Troisièmement, l'accord prévoit une clause de portée générale, qui stipule que les éléments de la convention et du protocole « doivent être interprétés de manière à ne pas faire obstacle à un échange effectif de renseignements ». Il s'agit d'une sorte de précaution supplémentaire, recommandée par l'OCDE, et qui devrait prévenir d'éventuelles interprétations restrictives à l'avenir.
Ces trois améliorations sont de nature à éviter que l'administration suisse ne se dérobe. Cet accord s'applique aux faits survenus à compter du 1er février 2013, une portée rétroactive qui correspond opportunément au délai de prescription fiscale.

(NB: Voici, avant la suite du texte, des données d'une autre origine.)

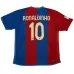 Camiseta Retro de Local RONALDINHO 2006/07 del Barcelona - Rojo/Azul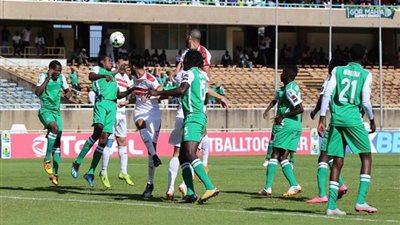 مجموعة الزمالك.. جورماهيا يسقط نصر حسين داي بثنائية ويعقد موقف الأبيض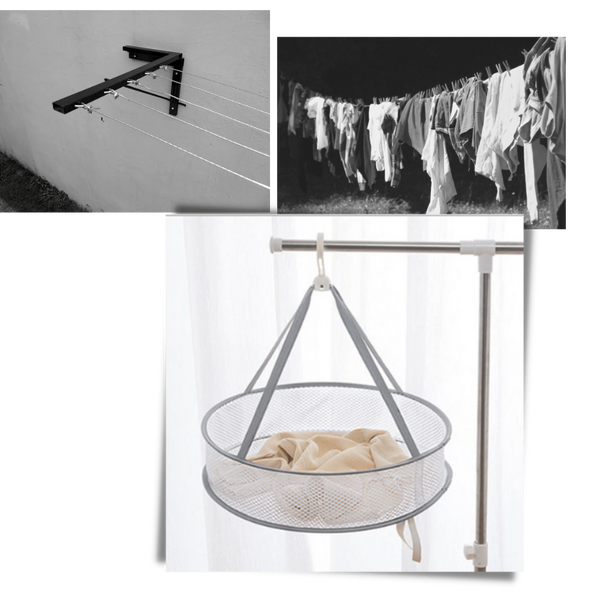Foldable Mesh Clothes Dryer For Quick Gentle Air Drying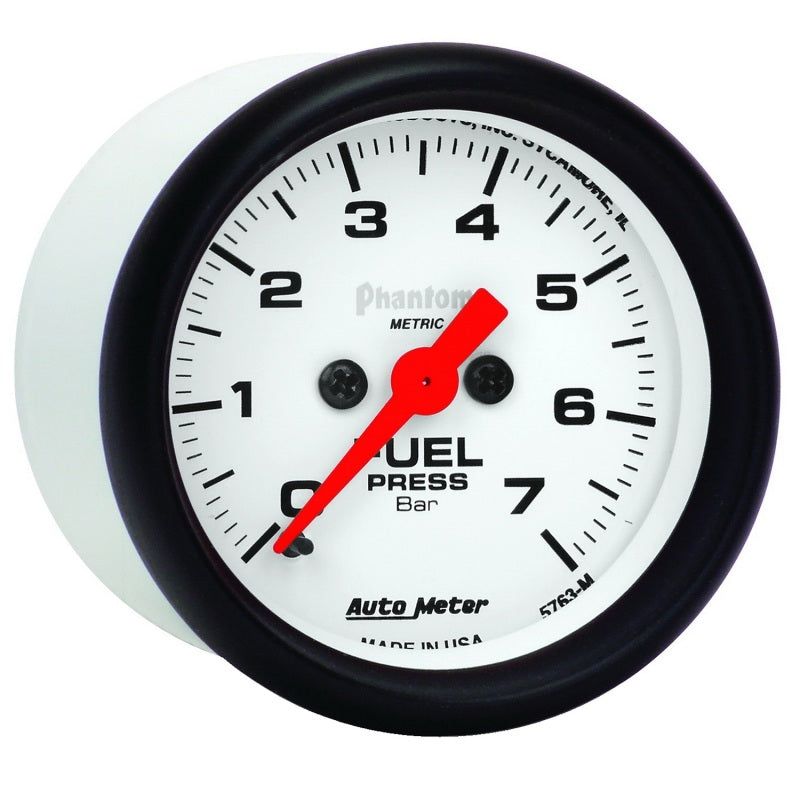 AutoMeter Gauge Fuel Pressure 2-1/16in. 7Bar Digital Stepper Motor Phantom-thumbmail-3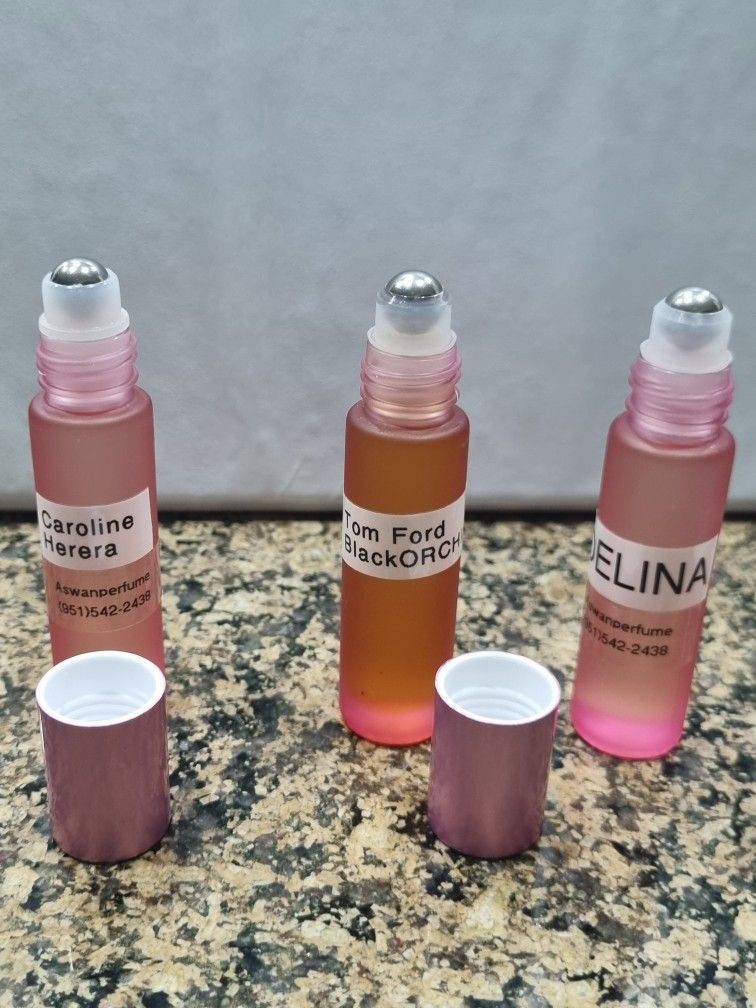 LUXURY BODY OIL PERFUME 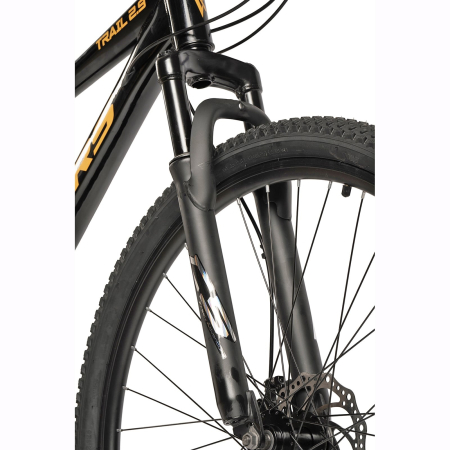 Bicicleta MTB-FS 27.5" VELORS Trail 2.7, cadru otel, manete secventiale, frane disc, 21 viteze [3]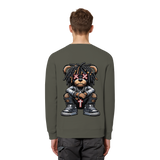 Bad Ass Teddy - Organic Sweatshirt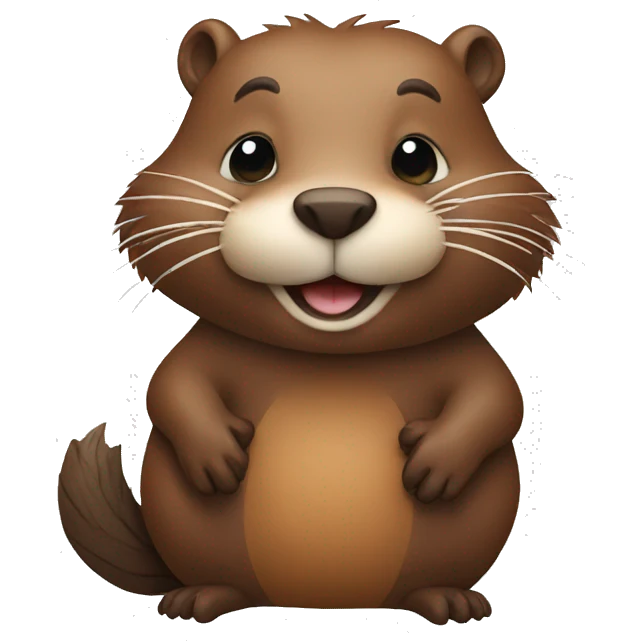 beaver emoji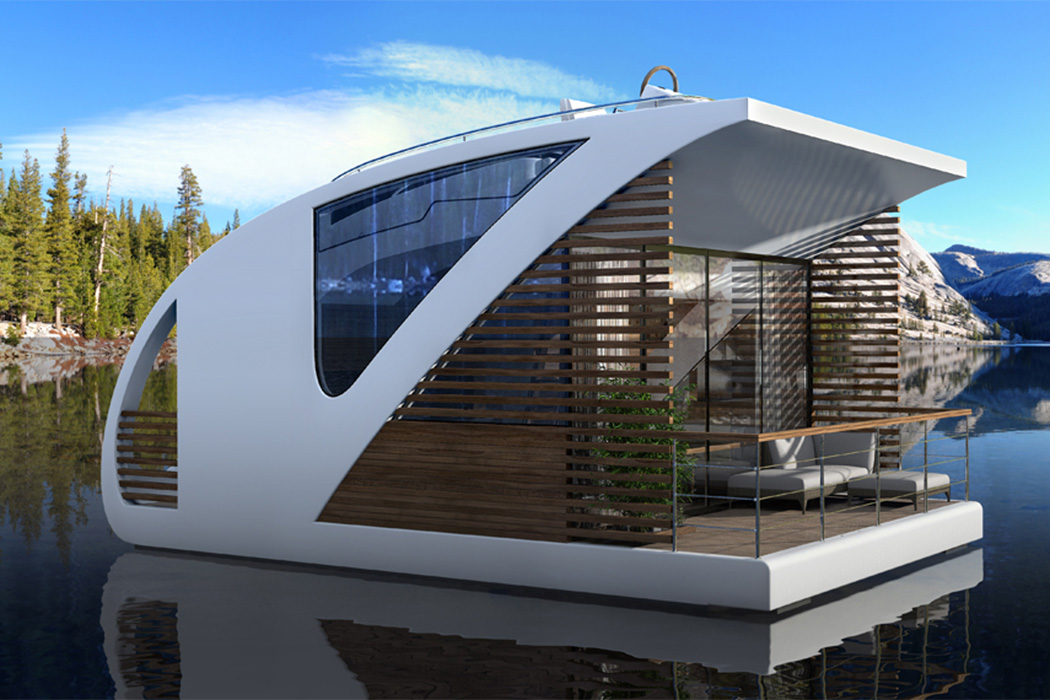 Hotel or a Floatel? - Yanko Design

Bien sûr, le présent accord se limite à améliorer l'échange « à la demande » entre les deux pays, dispositif qui conserve sa faiblesse intrinsèque : il suppose de savoir au préalable ce que l'on cherche, ce qui est par définition rarement le cas, et repose in fine sur la bonne volonté des autorités interrogées.

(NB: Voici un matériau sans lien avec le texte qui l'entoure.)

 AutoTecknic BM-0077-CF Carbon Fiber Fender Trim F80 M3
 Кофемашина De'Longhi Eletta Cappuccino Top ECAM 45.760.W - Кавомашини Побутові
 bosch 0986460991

Toutefois, il est raisonnable d'espérer que la Suisse mette en oeuvre l'échange automatique d'informations d'ici à 2018, comme elle s'y est engagée, avec 94 autres pays, le 29 octobre 2014 à Berlin, et comme elle le pratique déjà avec les États-Unis dans le cadre de la loi « FATCA » (Foreign Account Tax Compliance Act). La loi fédérale a été récemment modifiée afin de permettre la mise en oeuvre de ce dispositif, qui signe véritablement la fin du secret bancaire. L'échange automatique oblige en effet les États à transmettre de leur propre initiative et de façon exhaustive les informations concernant les comptes détenus par des non-résidents, conformément à une « norme commune de déclaration » particulièrement exigeante présentée par l'OCDE l'année dernière.

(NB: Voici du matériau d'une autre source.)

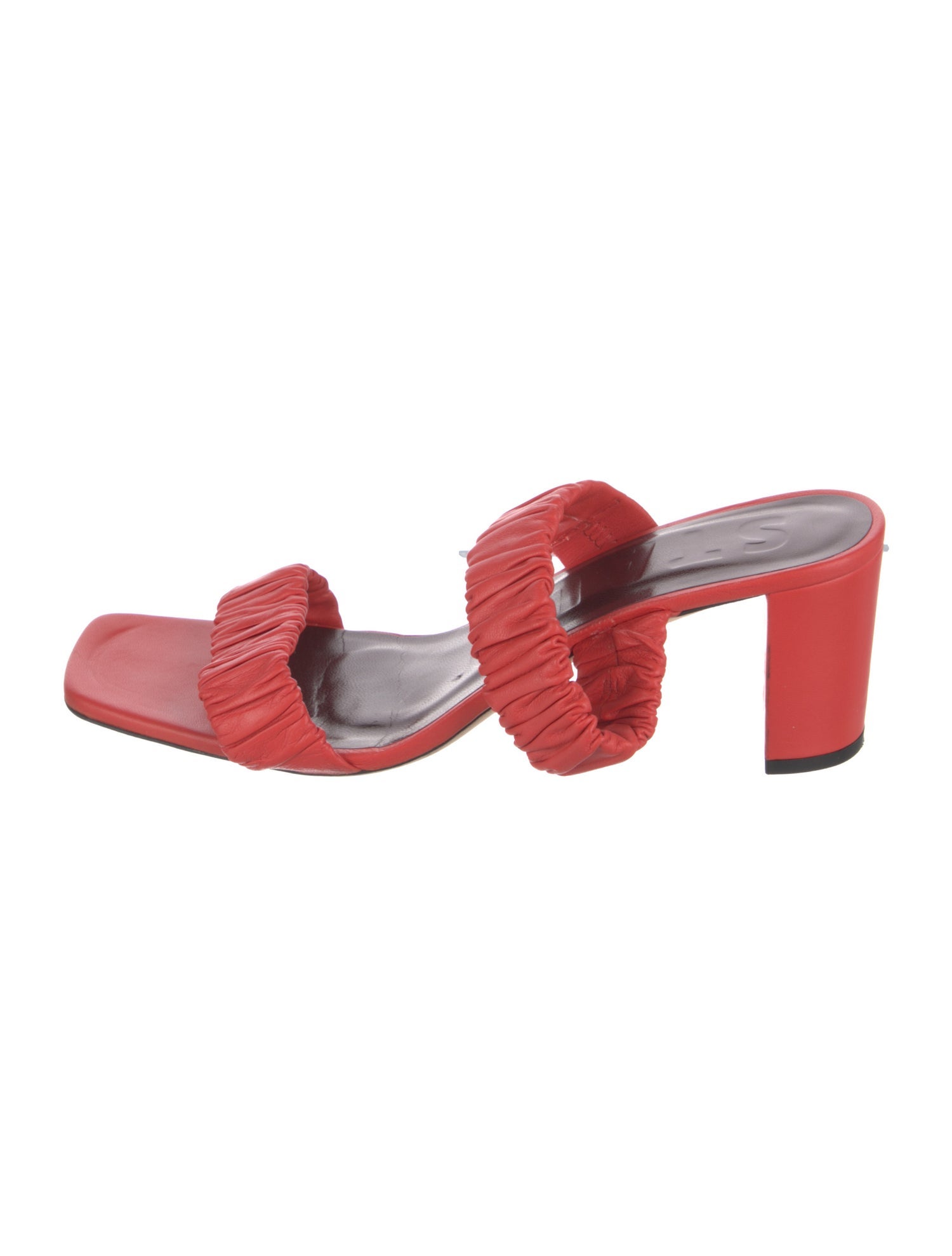 Staud Leather Slides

La réelle amélioration de la coopération fiscale avec la Suisse devra bien sûr être confirmée dans les prochaines années, mais les premiers effets sont indéniables. La perspective de la levée du secret bancaire a d'ores et déjà conduit près de 45 000 « repentis » à se manifester auprès du service de traitement des déclarations fiscales rectificatives (STDR) depuis 2013, produisant 1,9 milliard d'euros de recettes en 2014, 2,7 milliards d'euros en 2015, et probablement 2,1 milliards d'euros en 2016. La place de Genève, qui ne fait pas mystère de ces bouleversements, incite désormais ses clients à régulariser leur situation.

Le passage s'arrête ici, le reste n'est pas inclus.